05 January 2010

Oh, darn

Nevada Barr has written many good mysteries set in U.S. National Parks. Several have been suspenseful and violent. One, set in Carlsbad Caverns, was too intense, dark, and deep in the earth for me. Most have been very good, partly based on Barr's work as a park ranger in several of the parks she wrote about.

(See Winter with Wolves and Worse, Along the Rio Grande, Endangered Species, Firestorm, What a Deal!, High Country, and Hunting Season.)

Our book supplier, banker Mary, dropped a new Nevada Barr book at our house at Christmas time. Its setting is not a National Park and its main character is not Park Ranger Anna Pigeon. It's much more a suspense and terror story than a mystery. It's set in New Orleans. The title is 13½.

One of the main characters is a serial killer. Even the survivors at the end are victims. The plot resembles a masquerade ball in which it's difficult to know who is who.

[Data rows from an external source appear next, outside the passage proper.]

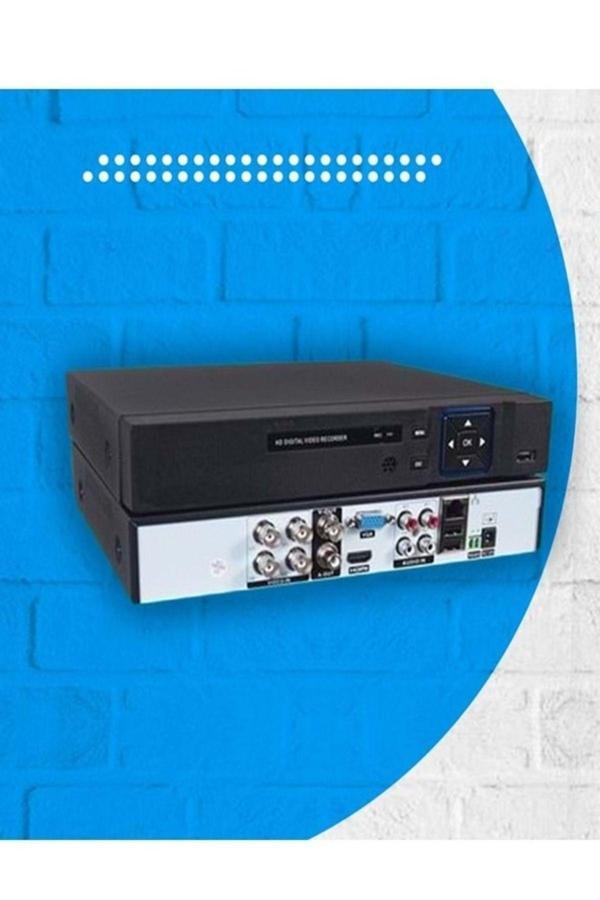 Ztech Kayıt Cihazı 4 Kanal Zr-7004T-Lme 4Ses Vout H265 Hybrıd 5Mp Ahd Dvr - Kayıt Cihazı - Image 1
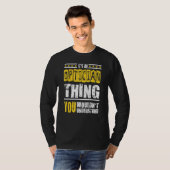 T-shirt Optician Quote You Wouldn't Understand (Devant entier)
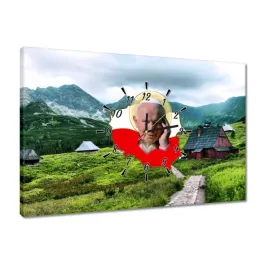 zegary-60x40-papiez-polak-gory-tatry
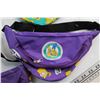 Image 3 : (5) Purple and Green The Simpsons Fanny Packs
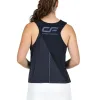 Camiseta Bullpadel Claudia Fernandez 26I Azul Marino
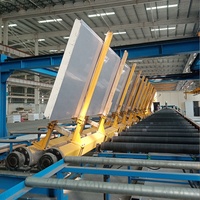 Panneau Sandwich Polyuréthane PU pour Murs, Panneaux Fabriqués par des Fabricants Professionnels pour Bâtiments à Structure Acier
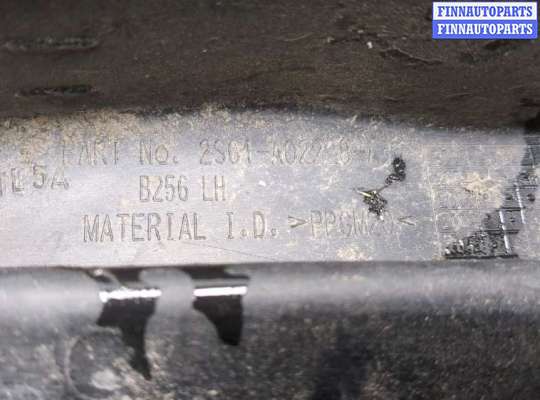 купить Жабо под дворники (дождевик) на Ford Fiesta 2001-2007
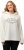 Ulla Popken City Name Graphic Hoodie Off-White - Mikiny & mikiny bez kapucne -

Barr tells the story in disjointed chapters that aren't quite short stories in themselves. There's little insight into the minds of the main characters until the very end of the book, and by then the insights seem abnormal. And by that point, I had figured out who was who in the masquerade, but I didn't really care. I finished it only to see how Barr pulled the strings together at the end, not because I was really interested in the story any more.

Maybe this was practice for writing outside a genre and a framework. I wish Barr well in another, better endeavor.

Then again, maybe 13½ was too intense, dark, and deep for me and I should go back to reading depressing Swedish mysteries that are so much the rage that there are bookstores in Germany that specialize in them.

If anyone else reads 13½, write and tell this little bit of the world what you thought of it. I really would like to know about someone else's reaction.